Main movies guide
Grade: C+
Verdict: Might fare better on the midnight-movie circuit.
Details: Starring James LeGros, Maura Tierney and Christopher Walken. Directed by Billy Morrissette. Rated R for language, nudity, drugs
and brief violence. 1 hour, 35 minutes.
See it: Local theaters and showtimes for
Scotland, PA.
Rate it: Write your own review
Review: If they can do "Othello" in high school, "Richard III" in
pre-World War II Europe and "Hamlet" in modern Manhattan, why not
"Macbeth" in rural Pennsylvania, circa 1975?
Thus, "Scotland, PA.," a sometimes smart but more often sophomoric
take on the bard's Scottish play.
Joe "Mac" McBeth (James LeGros) and his wife, Pat (Maura Tierney),
work at a local diner. He flips burgers, she practices perfecting the
curl on the soft ice cream cones, and they both dream of a better
future. Someday they'll save enough money to open a revolutionary
fast-food joint called McBeths, featuring McBeth Burgers and the Big
McBeth.
They could work for years to save enough cash. Or, they can murder
their oafish boss, Duncan (James Rebhorn), and persuade his
uninterested sons to sell the place to them for cheap. They go for the
latter, committing murder by deep-fat fryer.

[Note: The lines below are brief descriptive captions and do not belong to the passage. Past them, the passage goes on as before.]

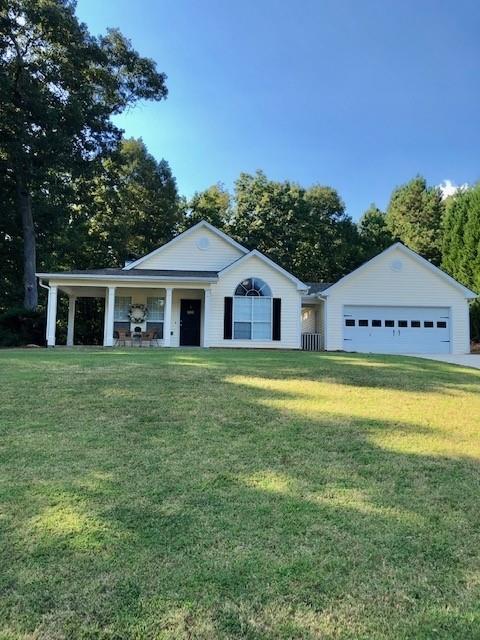 604 Raleigh Court Winder, GA 30680 - Photo 1 of 1 a view of a house with a yard
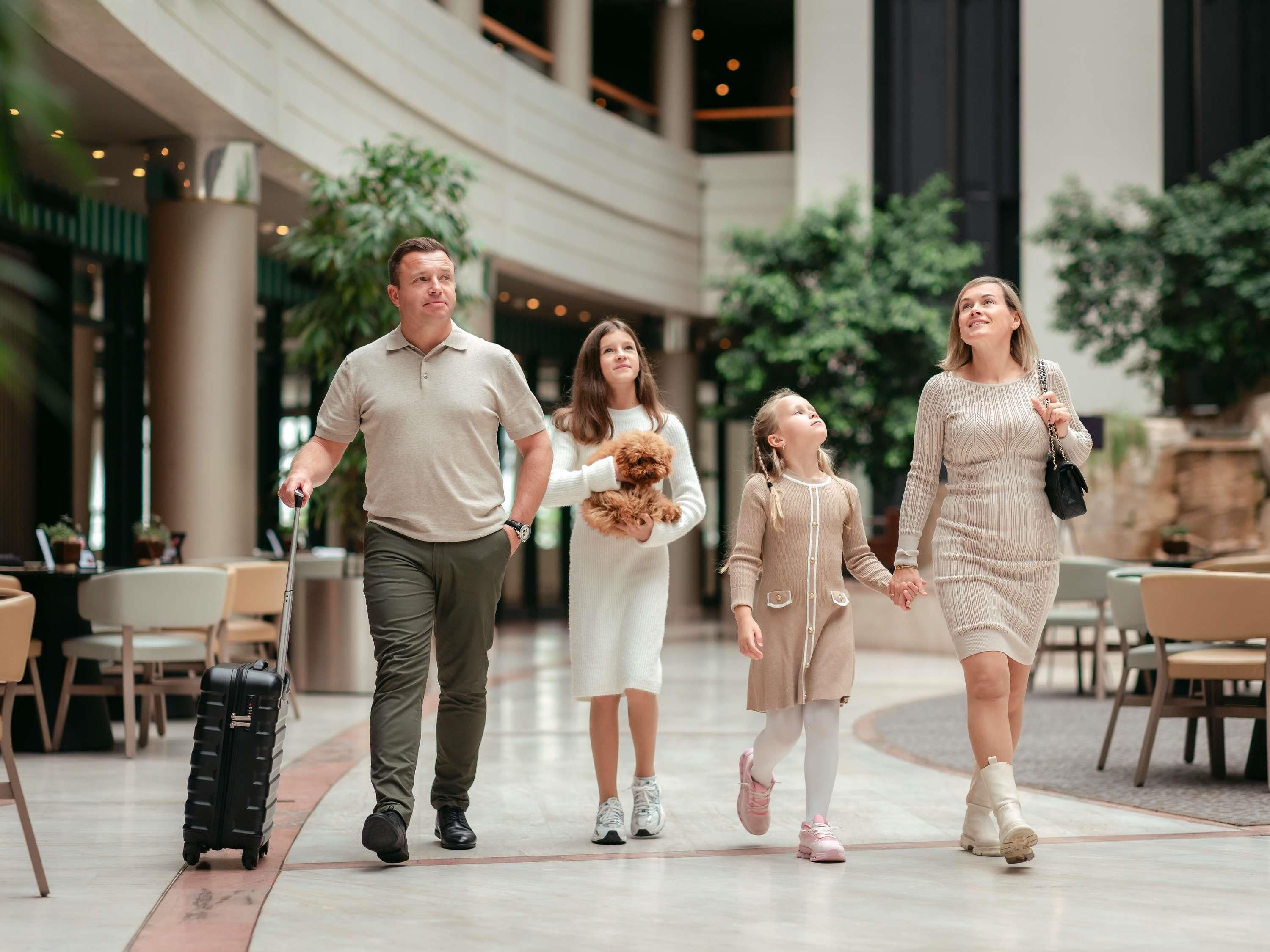 A family walking through a hotel lobby with a dining area and plants in the background.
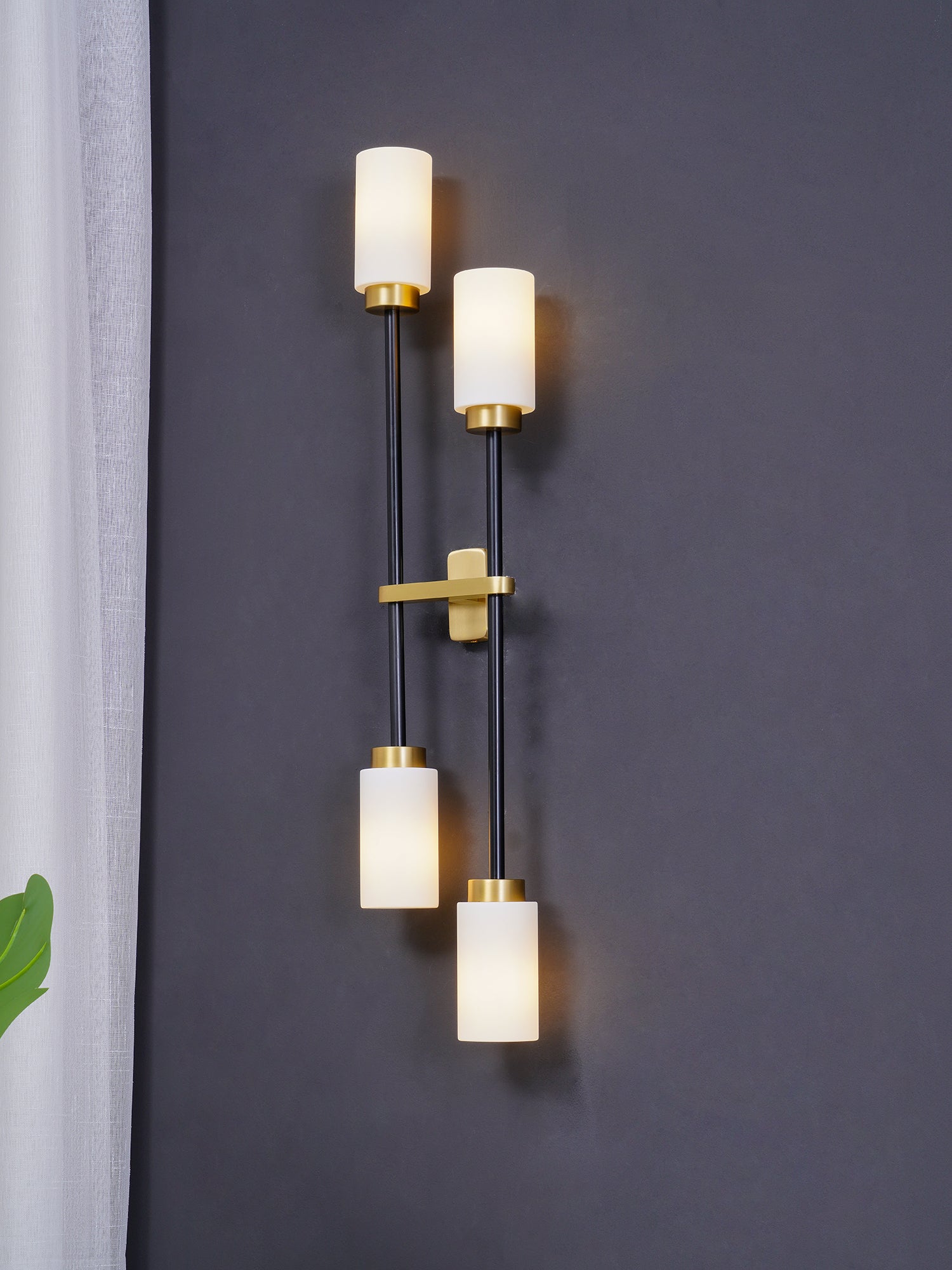 Modern Asymmetric Brass Wall Sconce with Cylindrical Glass Shades for Luxury Interiors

Duncan is french-fried to
death in his own kitchen.
There's some fun to be had in guessing how writer/director Billy
Morrissette (Tierney's husband in real life) will work his Middle
Americana riffs on Shakespeare. Macduff becomes Lt. McDuff, played
as an eccentric vegan-style Columbo by Christopher Walken. Lady
Macbeth's damned spot is transformed into a grease burn from the
fryolator. Cleverest of all is what happens to Macbeth's famed
soliloquy, "Tomorrow and tomorrow and tomorrow." It's transposed to a
self-help tape: "Tomorrow is tomorrow. Tomorrow is not today."
When it's not messing around with "Macbeth," the movie has fun with
mid-1970s icons like Riunite on iceIce, Yahtzee, fringed vests and
Prince Spaghetti Sauce (the one with the commercials where the
oh-so-Italian mama yells, "An . . .thon . . . y!")
But Morrissette doesn't know the difference between a good
joke and an embarrassing one. Consider his casting of the three "toil
and trouble" witches. They're posited as a trio of stoners who hang
around a deserted amusement park late at night. Two of them are played
by Timothy "Speed" Levitch ("The Cruise") and Amy Smart
("Starship Troopers'). The third is Andy Dick. What works for him
on MTV doesn't here.
The acting ranges from wincingly broad (Rebhorn) to
on-the-right-wavelength witty (LeGros and Tierney) to wacko (Walken).
LeGros has the bluff dumbness of Paul LeMat in "Melvin and Howard"
while Tierney sheds her good-girl "ER" role, playing Pat taut and
slutty.
Ultimately, "Scotland, Pa." is a useless goof, diverting but nothing
more. When she's trying to convince her husband to off Duncan, Pat
pleads, "We're not bad people. We're underachievers."
The same could be said of her movie.